I can't help it.
I still can't believe it that it has ended.
All that we trained for...the hardships..the thick and thin we went through together...ended just like that.
The disappointment not being in semis still lingers around me. And I believe the others too felt the same way.
All the praises of good game, excellent play, nice game i received yesterday don't really make me feel better.
Call me sore loser for not being able to accept defeat, but I think if you are to be in our shoe, you'll feel the same way. I believe it will take time for me to be able to accept it but deep down in my heart, the feeling will remains.
There is so much more that we can give but it was cut shorten.

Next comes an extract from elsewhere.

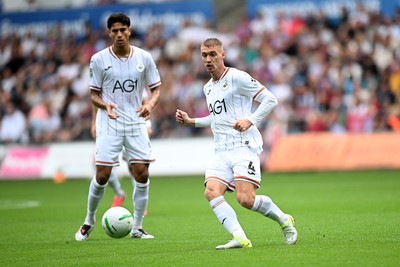 080826 - Swansea City v Birmingham City - Carabao Cup First Round - Jay Fulton of Swansea City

ABRUPTLY.
IF ONLY we were consistent through the 3 matches, this feeling won't exist. but again, IF ONLY.
I thought i am strong, I can accept defeat but when I'm alone, the feeling consumes me.
I sent out 3 articles I find inspirational to the team...everytime when I'm down, I'll read it and it made me feel better. But when I'm all alone, the feeling comes again. No single word in this world that can describe my feeling. All I can do is sigh. But whats the point? It over! It will never come back. That moment, that last 20seconds, will never come back no matter how bad you want it.
What has happened, you have to let it go.
Get back into reality. Accept the fate. You cannot hold on to it. Because there's no point holding and clinging onto something which you know that cannot be yours.
This defeat only test your character. How strong you are. How fast can you get up.
The shinning trophies and medals will fade through times. It may even be misplaced. But the memories will always remains in our mind. Winning is not everything. Some one has to win, some one has to lose. This time, we lost. We may have lost in the championship, but we have won in many other areas. The friendship we forged, the bonds we formed, the memories we had from spending time together, all that can't be replaced by a medal.
Regrets? No.
No point regretting it now.
Let is go slowly and carry on with life as per normal.
Let that experience make you a stronger and greater person.
Its only IVP. If you can't accept losing this, how will you face a greater challenge in life?
Let it go.....
Come back as a greater and stronger person.
We will be back....
We lost, we lost with dignity.
Success does not consist in never making blunders, but in never making the same one a second time.